この危機は、今後もさらに拡大する可能性が高いと考えられます。今残されている干潟の自然を開発などから守らなければ、渡り鳥の舞う干潟の景観を未来に引き継いでいくことは難しくなる、ということです。
黄海エコリージョン 経済発展の陰で消失する干潟
東アジア地域を代表する干潟が多く残る海の一つに、中国、韓国、北朝鮮の海岸線に囲まれた黄海があります。 黄海およびその西部に位置する渤海をあわせた沿岸域生態系を、WWFは黄海エコリージョンと呼び、その保全を目指してきました。 この沿岸域には3,900km2もの広大な干潟が広がっています。これは日本最大の干潟である有明海の実に20倍に相当。しかしこの50年間で65%もの干潟が消失してきました。中国に限れば実に70%が失われてきたのです。 日本は1945年から1996年の約50年間で40%の干潟が消失しましたが、この日本をはるかに上回る速度で干潟が消失していることが分かります。
渤海沿岸に残された渡り鳥の楽園~ナンプ湿地~
その中で今も貴重な干潟が残り、多くの渡り鳥で賑わう海が中国河北省唐山市灤南(らんなん)県にあります。 南堡(ナンプ)湿地と呼ばれるこの干潟で、これまでに確認された鳥類は21目59科299種、うち水鳥は115種。

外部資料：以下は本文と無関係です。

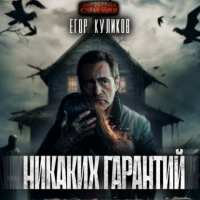 Егор Куликов - Никаких гарантий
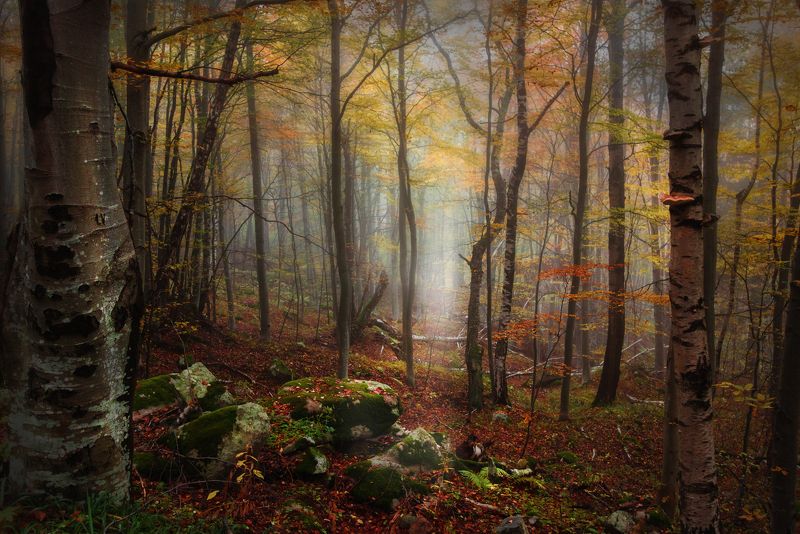 Утро фото превью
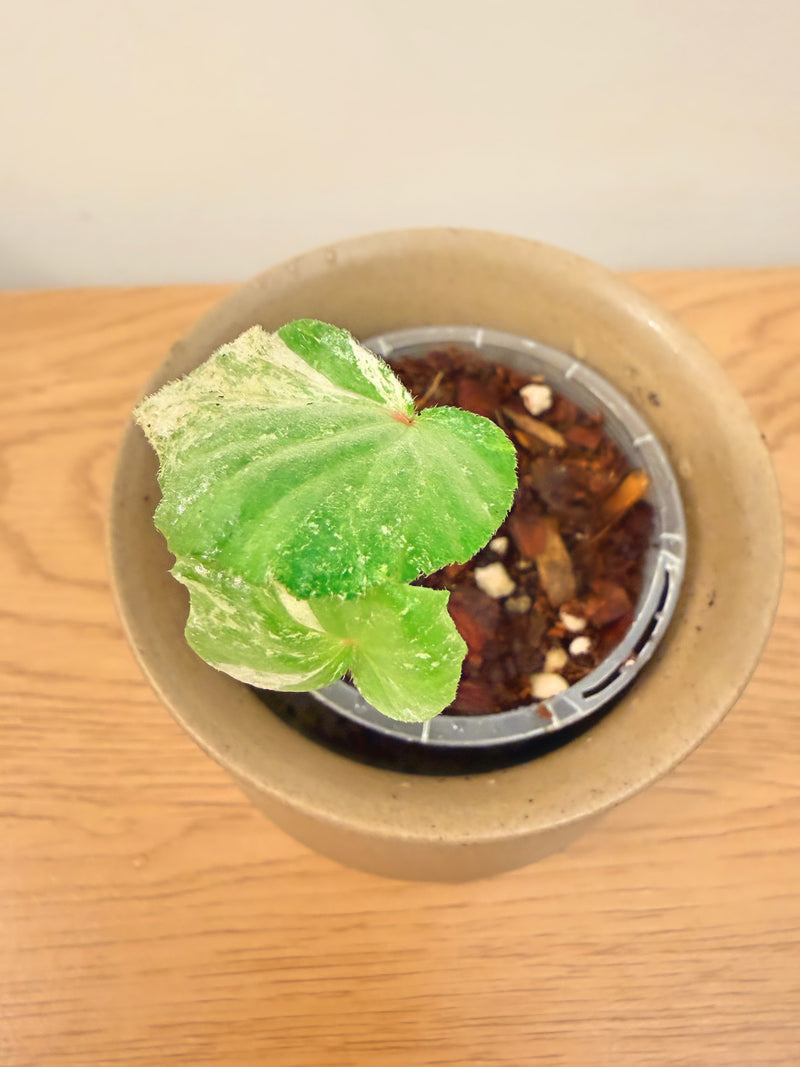 Begonia Rubropilosa Variegated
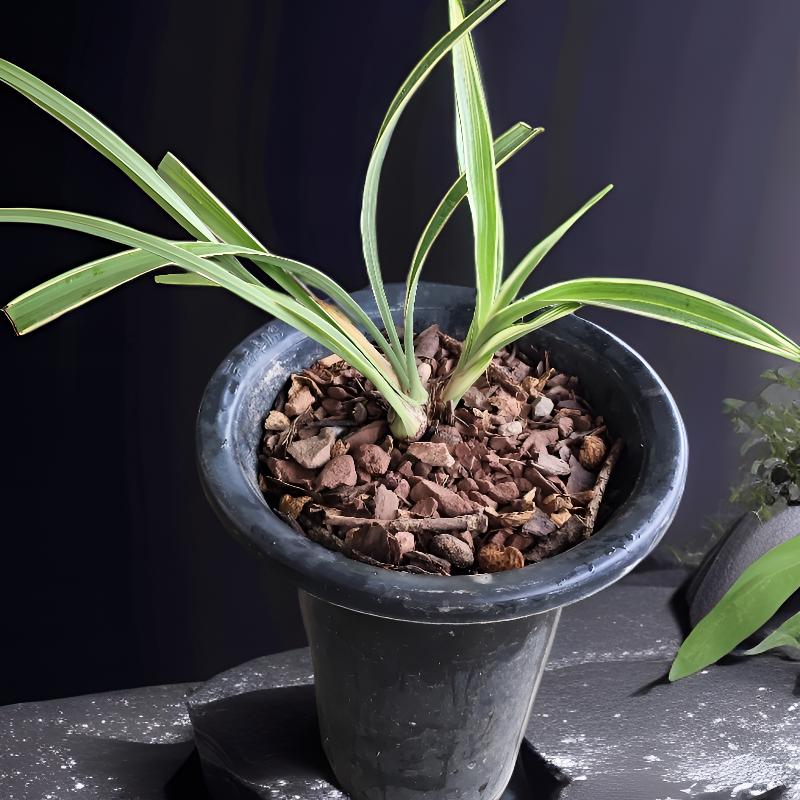 建兰峨眉雪三大壮苗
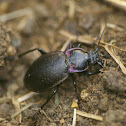 Carabus nemoralis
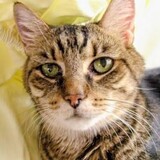 Entry image for Tiggerr-Too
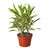 Dracaena 'Song of India'-6" Pot / Black Cylinder D245-6_DRACAENA_SONG.OF.INDIA_PP.BLK.CYL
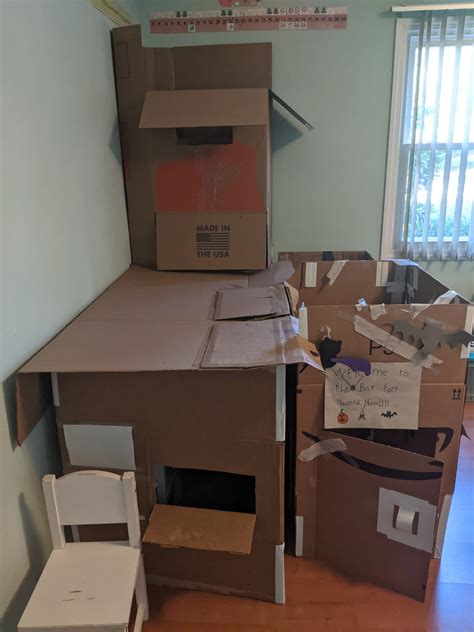 Image result for Box Fort House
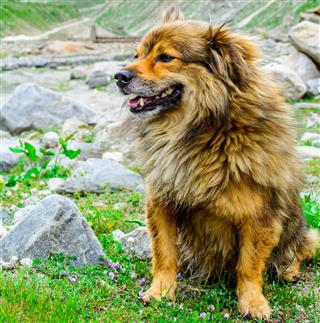 Himalayan Herding Dog Relaxing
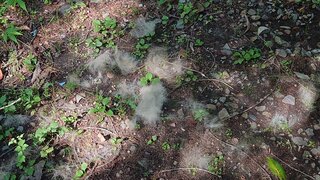 20250805_081937_R.JPG
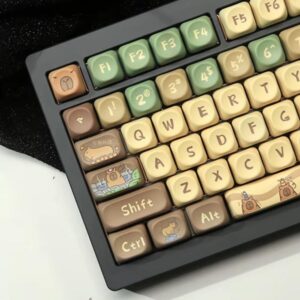 import placeholder for 15081855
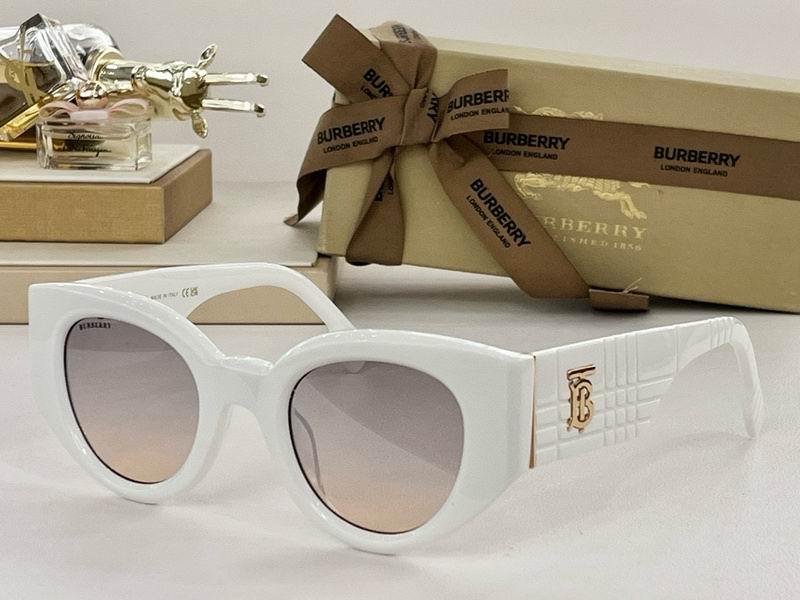 Burberry Sunglasses 301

毎年春に10万羽近い水鳥が渡来します。 しかし、この干潟は、中国最大の船舶物流拠点である天津港の巨大な港湾施設に隣接。また背後には塩田などが広がっており、中国五大都市である天津市の発展を受け、周辺では急速な開発と都市化が進んでいます。
さらにこうした開発の脅威に加え、外来植物の繁茂や、漁業などによる自然への影響も問題視されています。 WWF中国およびWWF香港オフィスでは、この南堡湿地を渤海および黄海沿岸域に点在する中国の14カ所の大規模な渡り鳥渡来地の一つに選んでいますが、現在のところ、ここは保護区に指定されていません。 この14の重要な渡来地の中で、いまだ法的な保護下に置かれていない地域は、この南堡湿地だけです。

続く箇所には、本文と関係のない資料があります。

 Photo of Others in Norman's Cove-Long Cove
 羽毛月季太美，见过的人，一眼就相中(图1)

WWFナンプ湿地保全プロジェクト 国家級保護区登録を目指して
そこでWWF中国は2017年より、このナンプ湿地の保護区登録を目指したプロジェクトに着手しました。 この取り組みには、WWF香港やWWFジャパンも参加。黄海そして、香港や日本の湿地にも飛来する渡り鳥を、地域、国境を越えて守る取り組みをスタートさせたのです。 保護区登録のため、WWFはまず灤南県政府と交渉を開始。 そして幾度かにわたる交渉の末、2017年6月にWWF、河北省林業局、ランナン県政府、ポールソン研究所(Paulson Institute)の4者で、保護区の設立に向けた覚書を締結することに成功しました。

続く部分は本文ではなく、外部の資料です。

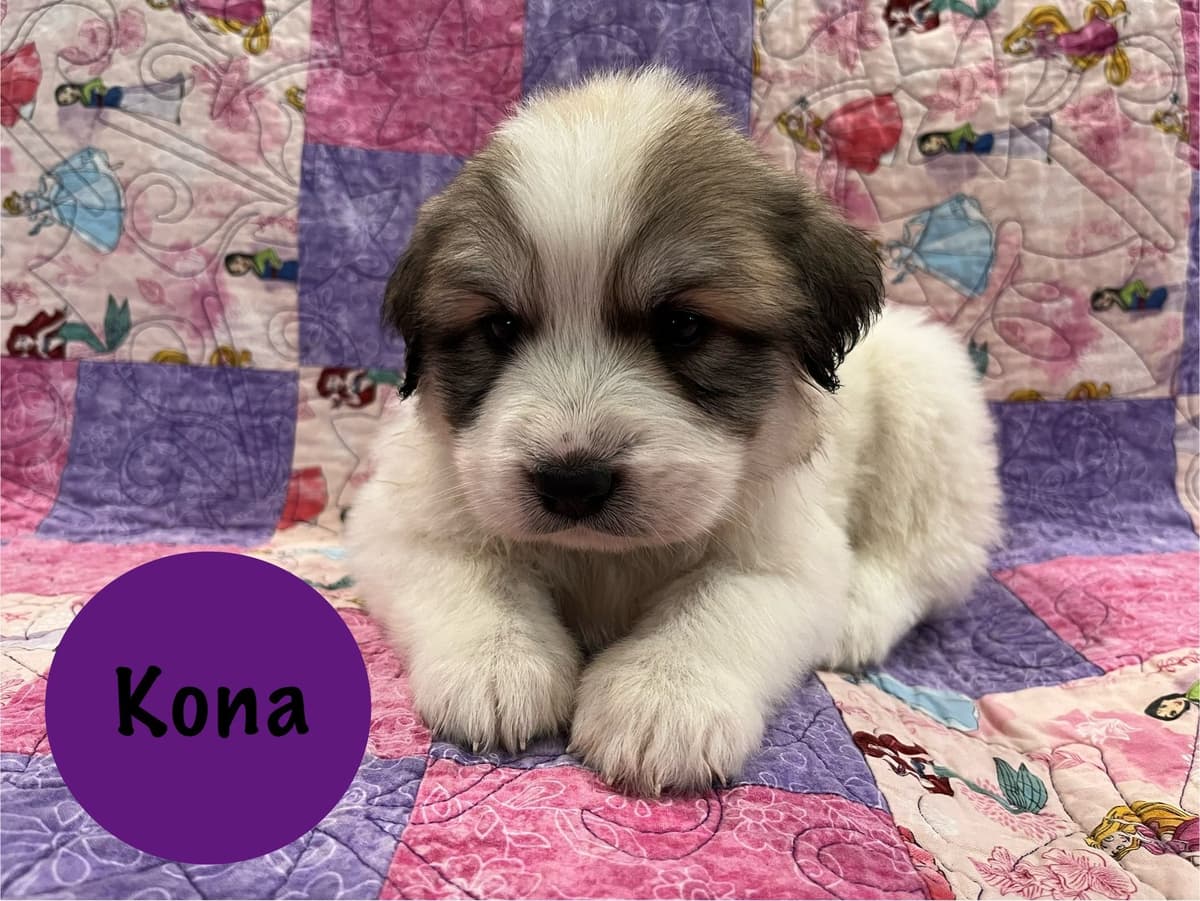 Great Pyrenees Puppies breeder image 11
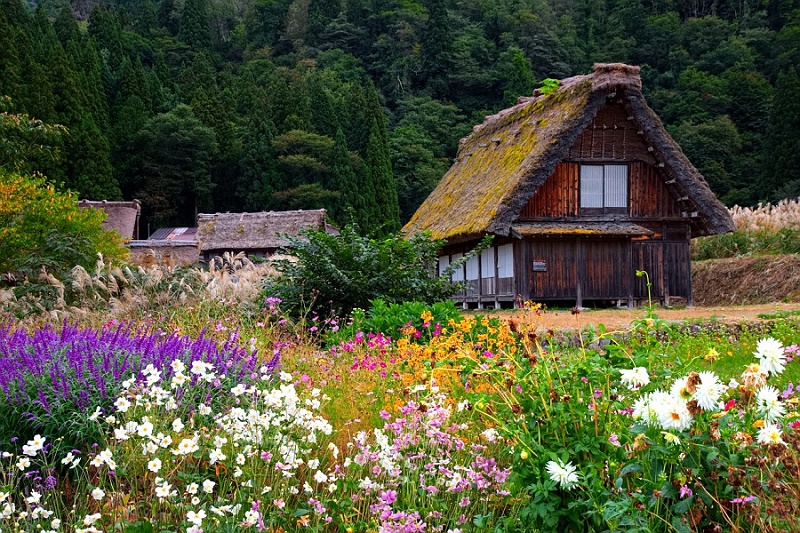 Khám phá ngôi làng cổ độc đáo Shirakawa-go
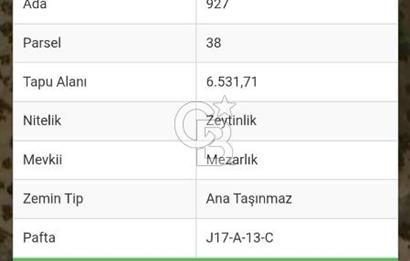 BalıkesirAyvalık Namık Kemal Mah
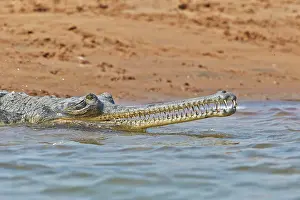 Pradesh: 80190394 Gharial Uttar Pradesh, Chambal River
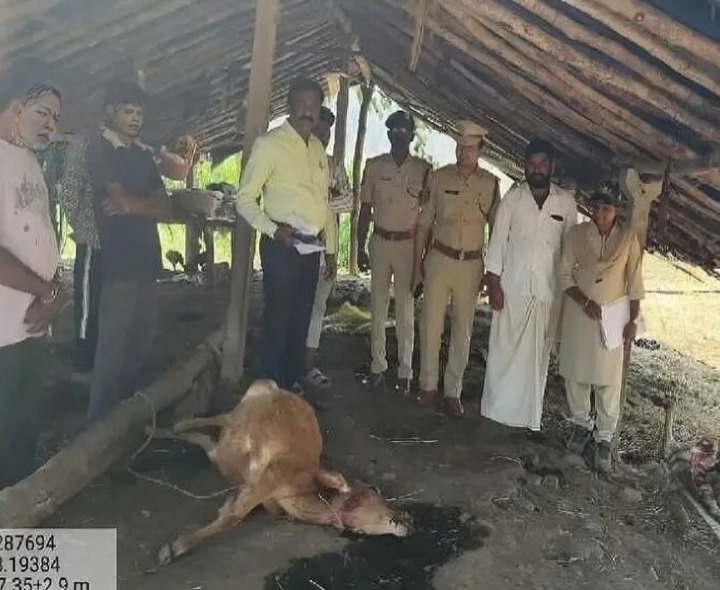 చిరుత దాడి.. లేగ దూడలు మృతి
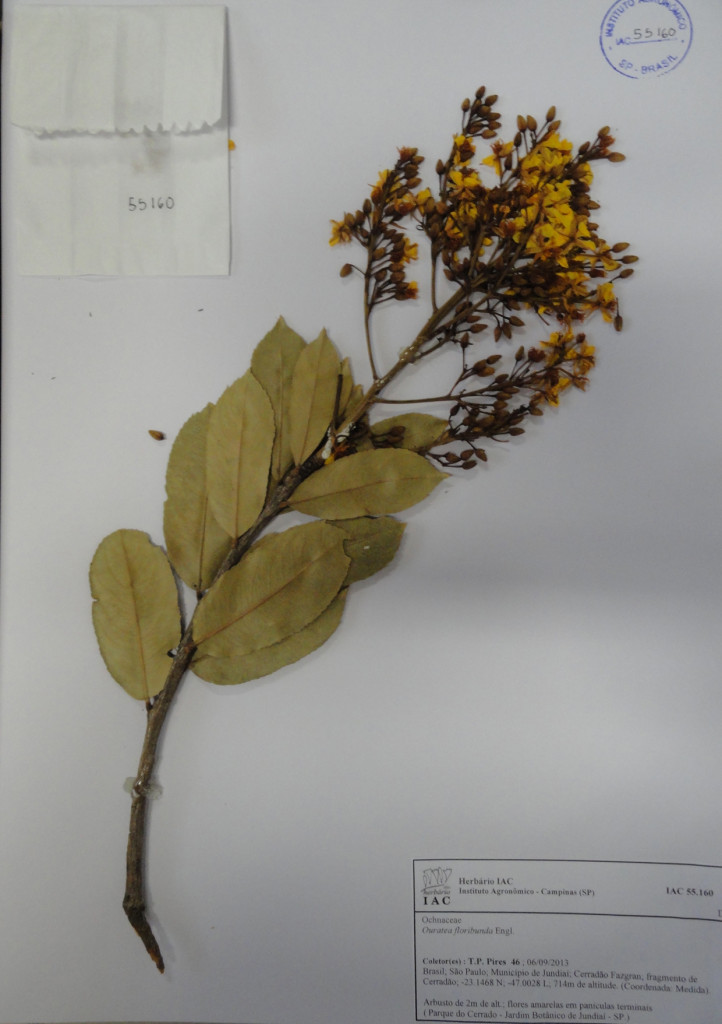 Amostra de espécie ("exicata") usada para identificação botânica por especialistas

また同時に北京師範大学とも覚書を交わし、設立される保護区の管理計画を策定する上で必要となる、鳥類などの基礎調査に着手しました。 しかし、保護区への登録は保全のための一手段でしかありません。南堡湿地が水鳥の楽園であり続けるためには、管理者である行政職員が、貴重な湿地の生態系と、保全管理のための手法を正しく理解することが、そしてそれが実行できる人材育成が不可欠です。 そこでWWF中国は行政職員を対象とした研修も同時並行で実施。 こうした取り組みの成果もあり、南堡湿地の保護区登録は現在最終段階に入っており、順調に進めば2018年中に、省の保護区として正式に承認される可能性が見えてきました。
6万羽のサルハマシギが舞う
一方、北京師範大学により行なわれている基礎調査からは、南堡湿地の重要性を改めて明らかにする結果が次々と報告されました。 特に、いくつかのシギ・チドリ類については、非常に多くの個体が飛来している事実が明らかになりつつあります。 日本にも飛来する、中型のシギのサルハマシギは、実に約6万2,000羽(春季)を記録。これはアジア・太平洋フライウェイに生息するとされるサルハマシギの推定個体数の69%に相当します。その他にもコオバシギが約4万4,000羽(40%)(春季)、コビズキンカモメが約5,000羽(43%)(冬季)記録されるなど、多くの水鳥がこの南堡湿地に依存していることが判明しました。 こうした鳥たちの中には、日本に飛来する種も多く確認されています。
シギやチドリに限りませんが、渡り鳥は国境を超えて移動します。 その保全のためには、一つの国だけではなく、「渡り」で移動する範囲の全体、すなわちフライウェイにまたがる国々が連携して、生息環境の保全を進める必要があります。 日本は、第二次大戦後の急速な経済成長に伴い、国内の多くの自然を失ってきました。 その問題を、これからのアジア諸国で繰り返さないためにも、WWFジャパンは引き続き黄海エコリージョンの保全をサポートしていく予定です。